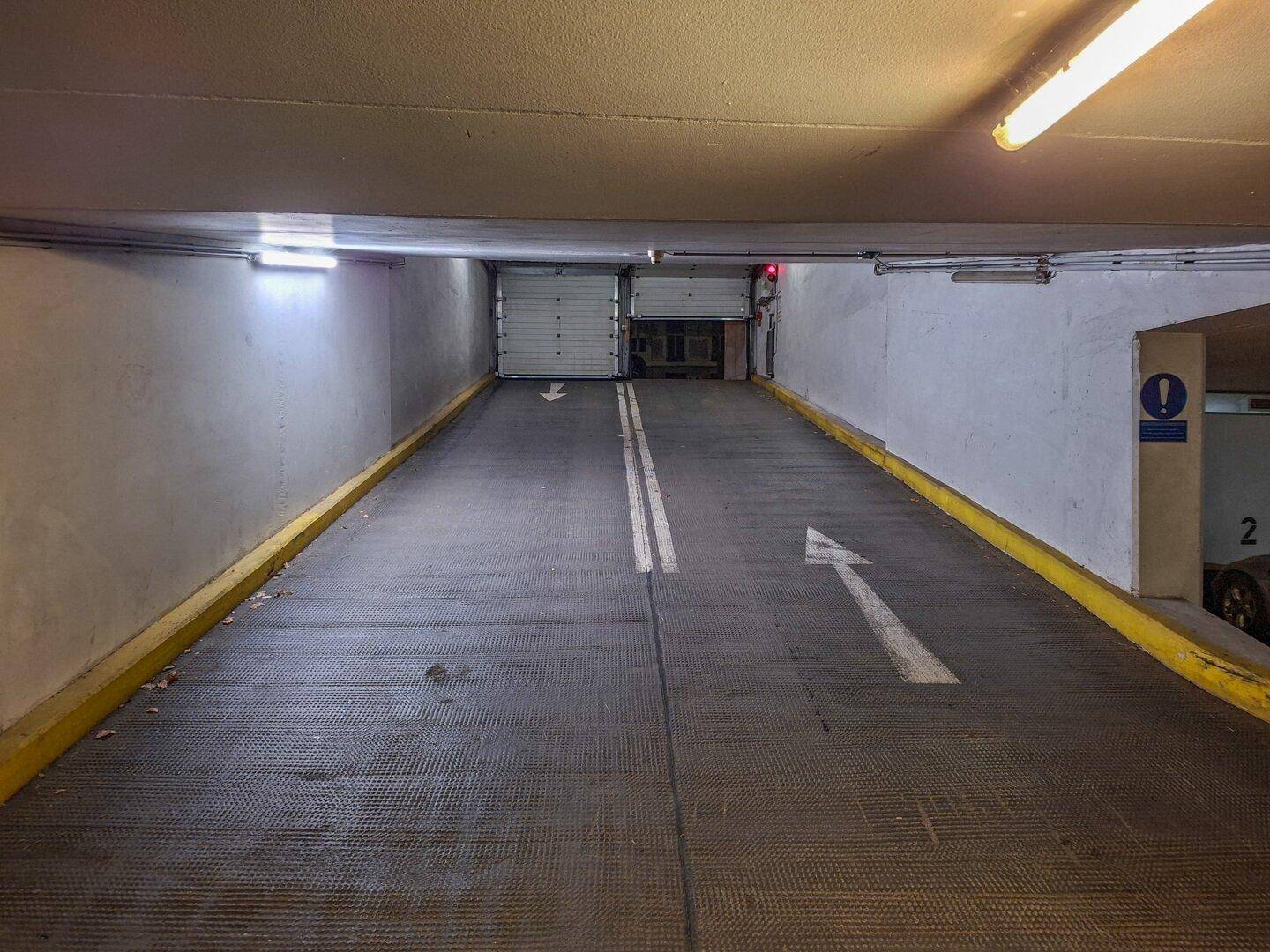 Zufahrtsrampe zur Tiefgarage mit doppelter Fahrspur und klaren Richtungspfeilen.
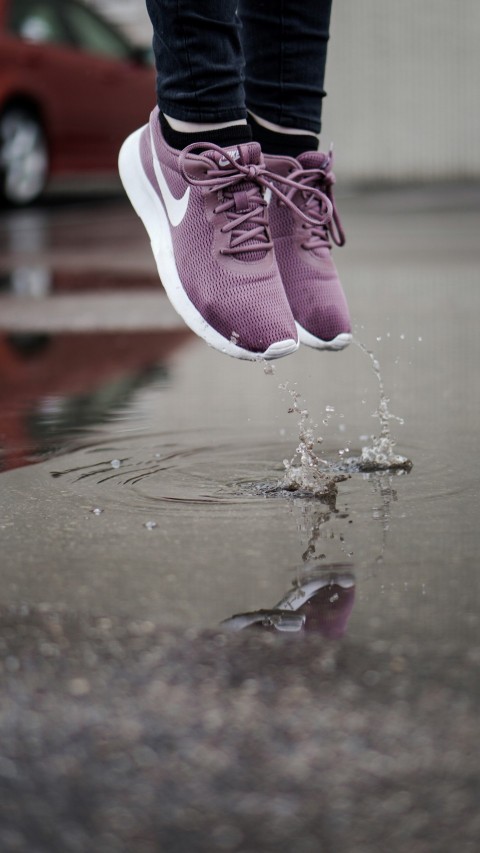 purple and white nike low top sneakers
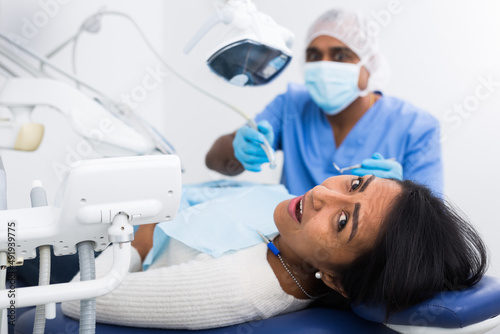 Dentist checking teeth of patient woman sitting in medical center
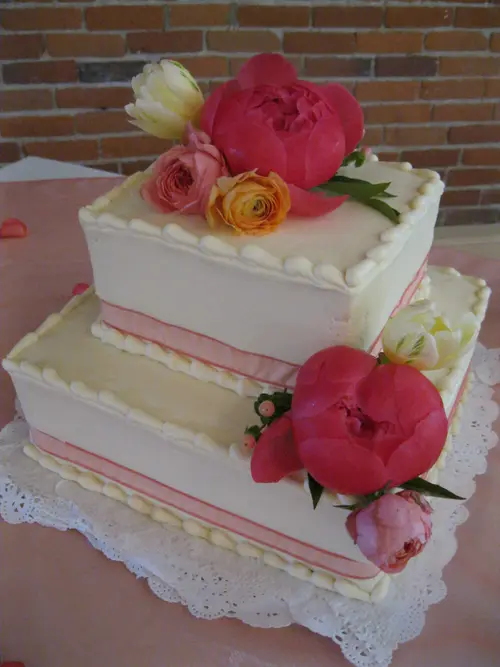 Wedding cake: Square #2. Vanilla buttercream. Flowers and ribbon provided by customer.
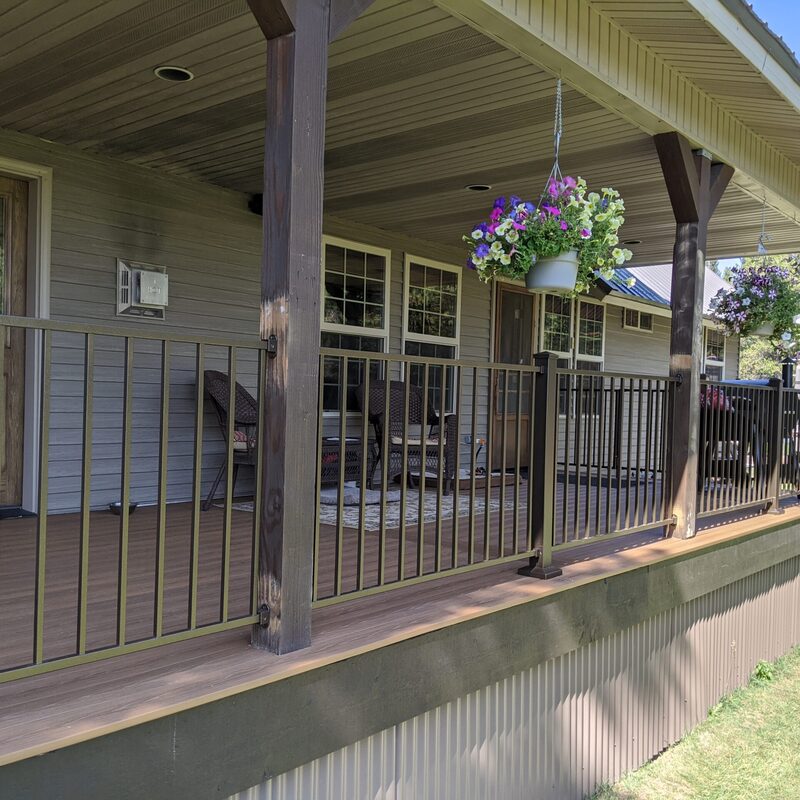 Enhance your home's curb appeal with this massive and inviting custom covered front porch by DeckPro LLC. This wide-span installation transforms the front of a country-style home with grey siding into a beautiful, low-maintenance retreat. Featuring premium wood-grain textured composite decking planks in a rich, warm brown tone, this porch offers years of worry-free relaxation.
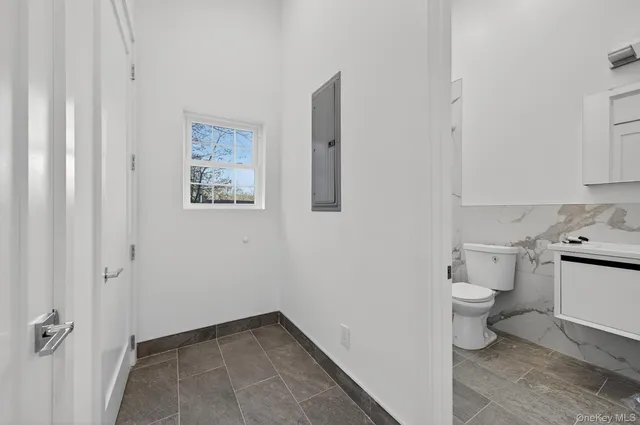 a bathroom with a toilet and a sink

+ + + + + + +

Work instruction: Carry over each record above character for character, with the pictures left out.

Answer area:
 Zufahrtsrampe zur Tiefgarage mit doppelter Fahrspur und klaren Richtungspfeilen.
 purple and white nike low top sneakers
 Dentist checking teeth of patient woman sitting in medical center
 Wedding cake: Square #2. Vanilla buttercream. Flowers and ribbon provided by customer.
 Enhance your home's curb appeal with this massive and inviting custom covered front porch by DeckPro LLC. This wide-span installation transforms the front of a country-style home with grey siding into a beautiful, low-maintenance retreat. Featuring premium wood-grain textured composite decking planks in a rich, warm brown tone, this porch offers years of worry-free relaxation.
 a bathroom with a toilet and a sink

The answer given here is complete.